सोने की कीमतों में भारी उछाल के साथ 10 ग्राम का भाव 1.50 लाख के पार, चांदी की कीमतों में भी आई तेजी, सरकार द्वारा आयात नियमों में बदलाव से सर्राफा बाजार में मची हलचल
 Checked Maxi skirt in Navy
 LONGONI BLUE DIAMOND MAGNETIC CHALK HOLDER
---
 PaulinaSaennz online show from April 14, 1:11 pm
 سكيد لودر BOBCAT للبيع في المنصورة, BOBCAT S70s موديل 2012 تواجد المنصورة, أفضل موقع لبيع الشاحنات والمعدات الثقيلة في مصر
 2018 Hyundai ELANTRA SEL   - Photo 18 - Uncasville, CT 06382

WHAT NEEDS TO BE DONE: Copy verbatim, from the listing above, each line from the one containing "सोने की कीमतों" down to the one containing "LONGONI BLUE DIAMOND MAGNETIC CHALK HOLDER", inclusive.

EXERCISE RESPONSE:
सोने की कीमतों में भारी उछाल के साथ 10 ग्राम का भाव 1.50 लाख के पार, चांदी की कीमतों में भी आई तेजी, सरकार द्वारा आयात नियमों में बदलाव से सर्राफा बाजार में मची हलचल
 Checked Maxi skirt in Navy
 LONGONI BLUE DIAMOND MAGNETIC CHALK HOLDER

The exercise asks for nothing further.